E’ ora di studiare la Monarchia italiana
«A i Bergamaschi che mi ricordano». Firmato: Umberto.
Il saluto proviene da un ritratto-ricordo datato 1947. E il personaggio effigiato risponde al nome di Umberto, appunto, II, più precisamente: Re d'Italia. Parlare di Sua Altezza Reale significa aprire un capitolo importante della storia del nostro Paese, ma significa anche richiamare dal silenzio argomenti scomodi.
«I miei studenti - ha esordito ieri Giorgio Rumi, docente di Storia contemporanea all'Università degli studi di Milano, nel corso di un incontro nella ex sala consiliare cui hanno partecipato tra gli altri il consigliere regionale Carlo Saffioti, il presidente del movimento monarchico bergamasco Franco Malnati, il presidente dell'associazione combattenti e reduci di Montelungo Edoardo Cristofari - mi chiedono spesso: "Che ruolo hanno avuto i Savoia? Come dobbiamo guardarli?". L'argomento desta sempre un certo imbarazzo: l'idea corrente è che le televisioni importanti e le case editrici non se ne debbano occupare».
Insomma, meno se ne parla, meglio è. E il silenzio ha continuato, imperterrito, il suo cammino così a lungo che «il magazzino è vuoto»: «A chi vuole approfondire il tema - ha proseguito il professore - non ho titoli da suggerire».

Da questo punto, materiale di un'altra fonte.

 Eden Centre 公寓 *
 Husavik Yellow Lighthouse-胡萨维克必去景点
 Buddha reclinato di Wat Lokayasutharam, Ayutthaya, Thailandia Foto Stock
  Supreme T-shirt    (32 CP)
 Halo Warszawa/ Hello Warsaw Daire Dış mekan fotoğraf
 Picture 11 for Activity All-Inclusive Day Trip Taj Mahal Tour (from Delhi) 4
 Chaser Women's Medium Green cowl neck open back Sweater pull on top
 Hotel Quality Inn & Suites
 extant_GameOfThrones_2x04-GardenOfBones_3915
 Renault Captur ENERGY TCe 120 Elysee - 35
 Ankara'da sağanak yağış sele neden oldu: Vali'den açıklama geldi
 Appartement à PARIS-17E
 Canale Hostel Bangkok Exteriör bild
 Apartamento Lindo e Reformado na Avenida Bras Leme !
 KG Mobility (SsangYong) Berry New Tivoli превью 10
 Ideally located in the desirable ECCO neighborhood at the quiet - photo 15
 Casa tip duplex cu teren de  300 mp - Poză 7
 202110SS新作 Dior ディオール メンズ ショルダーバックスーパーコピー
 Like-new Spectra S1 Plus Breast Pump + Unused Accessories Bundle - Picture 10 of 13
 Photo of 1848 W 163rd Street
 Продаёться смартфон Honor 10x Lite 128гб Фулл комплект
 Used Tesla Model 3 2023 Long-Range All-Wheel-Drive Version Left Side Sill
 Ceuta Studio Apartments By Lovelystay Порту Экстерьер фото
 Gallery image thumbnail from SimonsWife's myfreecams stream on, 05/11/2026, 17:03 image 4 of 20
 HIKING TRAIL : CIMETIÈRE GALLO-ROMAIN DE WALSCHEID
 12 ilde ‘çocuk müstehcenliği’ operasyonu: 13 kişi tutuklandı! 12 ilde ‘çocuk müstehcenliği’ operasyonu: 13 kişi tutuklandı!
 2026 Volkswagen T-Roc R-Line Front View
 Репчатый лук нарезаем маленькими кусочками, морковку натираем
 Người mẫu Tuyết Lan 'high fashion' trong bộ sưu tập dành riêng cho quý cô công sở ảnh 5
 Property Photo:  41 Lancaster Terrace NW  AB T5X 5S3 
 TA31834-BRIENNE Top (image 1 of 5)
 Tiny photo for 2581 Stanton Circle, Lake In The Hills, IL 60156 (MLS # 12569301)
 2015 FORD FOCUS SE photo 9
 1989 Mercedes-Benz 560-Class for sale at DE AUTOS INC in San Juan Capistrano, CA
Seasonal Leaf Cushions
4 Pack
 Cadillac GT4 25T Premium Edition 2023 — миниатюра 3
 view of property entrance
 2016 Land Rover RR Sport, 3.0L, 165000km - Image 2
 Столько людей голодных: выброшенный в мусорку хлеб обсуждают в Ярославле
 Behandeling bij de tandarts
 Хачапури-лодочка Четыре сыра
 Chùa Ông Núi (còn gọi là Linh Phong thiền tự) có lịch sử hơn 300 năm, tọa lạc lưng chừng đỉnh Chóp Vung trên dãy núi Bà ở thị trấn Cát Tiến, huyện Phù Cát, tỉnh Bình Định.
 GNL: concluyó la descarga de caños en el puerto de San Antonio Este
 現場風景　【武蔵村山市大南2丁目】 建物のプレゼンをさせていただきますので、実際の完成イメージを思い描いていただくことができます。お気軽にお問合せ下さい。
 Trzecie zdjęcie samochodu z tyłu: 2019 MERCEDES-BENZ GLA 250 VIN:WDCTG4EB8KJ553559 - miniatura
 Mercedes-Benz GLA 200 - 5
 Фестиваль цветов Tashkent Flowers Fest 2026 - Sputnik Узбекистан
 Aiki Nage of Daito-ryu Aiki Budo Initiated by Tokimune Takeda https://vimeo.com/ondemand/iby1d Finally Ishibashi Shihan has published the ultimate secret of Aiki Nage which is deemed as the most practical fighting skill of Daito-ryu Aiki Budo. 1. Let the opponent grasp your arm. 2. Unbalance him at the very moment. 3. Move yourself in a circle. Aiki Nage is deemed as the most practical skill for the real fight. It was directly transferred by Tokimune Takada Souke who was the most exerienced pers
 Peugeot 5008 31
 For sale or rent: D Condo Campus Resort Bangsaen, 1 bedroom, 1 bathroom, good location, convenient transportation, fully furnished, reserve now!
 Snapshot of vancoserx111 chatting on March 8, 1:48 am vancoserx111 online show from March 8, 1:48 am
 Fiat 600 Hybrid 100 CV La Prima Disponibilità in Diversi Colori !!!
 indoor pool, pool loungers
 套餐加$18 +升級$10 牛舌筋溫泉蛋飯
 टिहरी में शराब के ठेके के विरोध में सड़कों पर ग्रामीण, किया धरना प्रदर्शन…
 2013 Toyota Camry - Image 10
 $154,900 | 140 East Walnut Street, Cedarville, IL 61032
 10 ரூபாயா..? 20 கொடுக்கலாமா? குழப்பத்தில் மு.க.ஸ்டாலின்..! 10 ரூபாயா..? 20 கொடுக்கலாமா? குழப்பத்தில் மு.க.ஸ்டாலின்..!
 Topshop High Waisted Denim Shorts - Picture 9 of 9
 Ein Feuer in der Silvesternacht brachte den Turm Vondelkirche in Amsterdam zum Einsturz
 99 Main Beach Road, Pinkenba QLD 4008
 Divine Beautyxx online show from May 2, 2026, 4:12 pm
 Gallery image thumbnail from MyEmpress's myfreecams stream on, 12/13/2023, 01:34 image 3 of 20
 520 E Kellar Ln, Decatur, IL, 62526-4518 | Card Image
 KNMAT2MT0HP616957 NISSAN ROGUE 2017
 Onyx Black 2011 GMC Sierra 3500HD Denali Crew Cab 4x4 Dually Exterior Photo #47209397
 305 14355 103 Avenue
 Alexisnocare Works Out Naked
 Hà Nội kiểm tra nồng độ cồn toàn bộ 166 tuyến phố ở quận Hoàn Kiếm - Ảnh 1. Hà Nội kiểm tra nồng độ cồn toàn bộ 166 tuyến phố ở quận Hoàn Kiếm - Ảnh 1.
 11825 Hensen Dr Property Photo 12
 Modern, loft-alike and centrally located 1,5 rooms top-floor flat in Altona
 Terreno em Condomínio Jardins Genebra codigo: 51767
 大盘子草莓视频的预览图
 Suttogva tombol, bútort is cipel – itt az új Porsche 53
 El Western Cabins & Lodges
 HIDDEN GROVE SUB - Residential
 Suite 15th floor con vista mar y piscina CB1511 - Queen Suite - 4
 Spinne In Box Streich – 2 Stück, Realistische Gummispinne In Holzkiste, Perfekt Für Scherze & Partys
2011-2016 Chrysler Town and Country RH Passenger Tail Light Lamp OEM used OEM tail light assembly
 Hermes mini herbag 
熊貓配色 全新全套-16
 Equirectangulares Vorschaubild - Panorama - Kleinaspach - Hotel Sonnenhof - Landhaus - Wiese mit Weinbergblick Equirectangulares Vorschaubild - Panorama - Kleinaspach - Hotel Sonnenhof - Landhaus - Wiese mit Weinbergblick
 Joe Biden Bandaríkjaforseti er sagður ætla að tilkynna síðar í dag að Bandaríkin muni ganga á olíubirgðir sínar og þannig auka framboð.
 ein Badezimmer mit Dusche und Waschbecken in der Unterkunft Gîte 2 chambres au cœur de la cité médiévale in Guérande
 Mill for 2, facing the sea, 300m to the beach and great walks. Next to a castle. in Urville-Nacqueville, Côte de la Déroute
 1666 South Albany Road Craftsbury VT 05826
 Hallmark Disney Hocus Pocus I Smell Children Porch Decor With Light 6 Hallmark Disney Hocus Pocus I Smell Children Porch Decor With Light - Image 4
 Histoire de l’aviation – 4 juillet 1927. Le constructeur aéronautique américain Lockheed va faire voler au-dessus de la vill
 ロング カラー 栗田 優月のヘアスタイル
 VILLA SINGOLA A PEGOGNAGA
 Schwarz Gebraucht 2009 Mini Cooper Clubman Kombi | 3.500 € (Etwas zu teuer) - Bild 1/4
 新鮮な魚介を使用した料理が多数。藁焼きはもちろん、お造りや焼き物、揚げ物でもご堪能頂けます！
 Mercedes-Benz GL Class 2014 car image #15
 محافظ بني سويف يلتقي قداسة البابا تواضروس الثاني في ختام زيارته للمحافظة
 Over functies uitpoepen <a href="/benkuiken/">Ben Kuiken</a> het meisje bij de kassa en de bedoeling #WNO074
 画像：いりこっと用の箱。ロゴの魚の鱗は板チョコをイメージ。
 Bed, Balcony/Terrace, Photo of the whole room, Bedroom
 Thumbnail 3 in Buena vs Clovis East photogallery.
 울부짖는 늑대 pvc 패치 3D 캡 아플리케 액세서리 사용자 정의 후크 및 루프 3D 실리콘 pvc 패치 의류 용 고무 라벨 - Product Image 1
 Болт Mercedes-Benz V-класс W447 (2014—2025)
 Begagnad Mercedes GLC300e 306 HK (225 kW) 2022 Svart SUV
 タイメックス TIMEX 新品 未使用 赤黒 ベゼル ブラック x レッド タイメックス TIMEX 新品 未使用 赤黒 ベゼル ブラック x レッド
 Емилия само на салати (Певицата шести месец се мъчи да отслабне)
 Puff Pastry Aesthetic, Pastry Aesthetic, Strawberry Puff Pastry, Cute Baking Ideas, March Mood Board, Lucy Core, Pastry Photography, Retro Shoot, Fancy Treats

Ma, a scanso di equivoci, «per me Casa Savoia ha rappresentato un pezzo importante della storia d'Italia, anche se bisogna distinguere tra re e re».
Chiara la premessa, efficace la digressione sul passato monarchico promossa da un comitato di cittadini italiani di diverso orientamento politico. Per la verità qualche reduce ex combattente e monarchico ha fatto vibrare le corde di una nostalgia un po' troppo incline alla retorica. Ma l'intervento di Giorgio Rumi ha saputo riportare il discorso nei binari della riflessione storica. Moderata e argomentata con l'efficacia comunicativa che contraddistingue l'accademico-uomo pubblico. Innanzitutto, spazio alle origini: «I Savoia - ha precisato il professore - non hanno un'origine italiana e neppure francese. Provengono da uno Stato di passo che controlla il passaggio alpino. E quando la capitale si sposta da Chambery a Torino i Savoia si portano al di qua dei monti la cosa più importante: la Sindone, poi venerata da San Carlo Borromeo e ceduta alla Chiesa».
La storia scorre e la Casa Reale «va col tempo e con il Po», com'è espressione corrente tra gli storici. «A differenza dei Borboni che rimasero sempre chiusi tra l'acqua santa e l'acqua salata - ha chiarito Giorgio Rumi - i Savoia hanno sempre avuto un progetto nazionale. Nessuna dinastia italiana è mai stata così avventuriera, espansiva e conquistatrice».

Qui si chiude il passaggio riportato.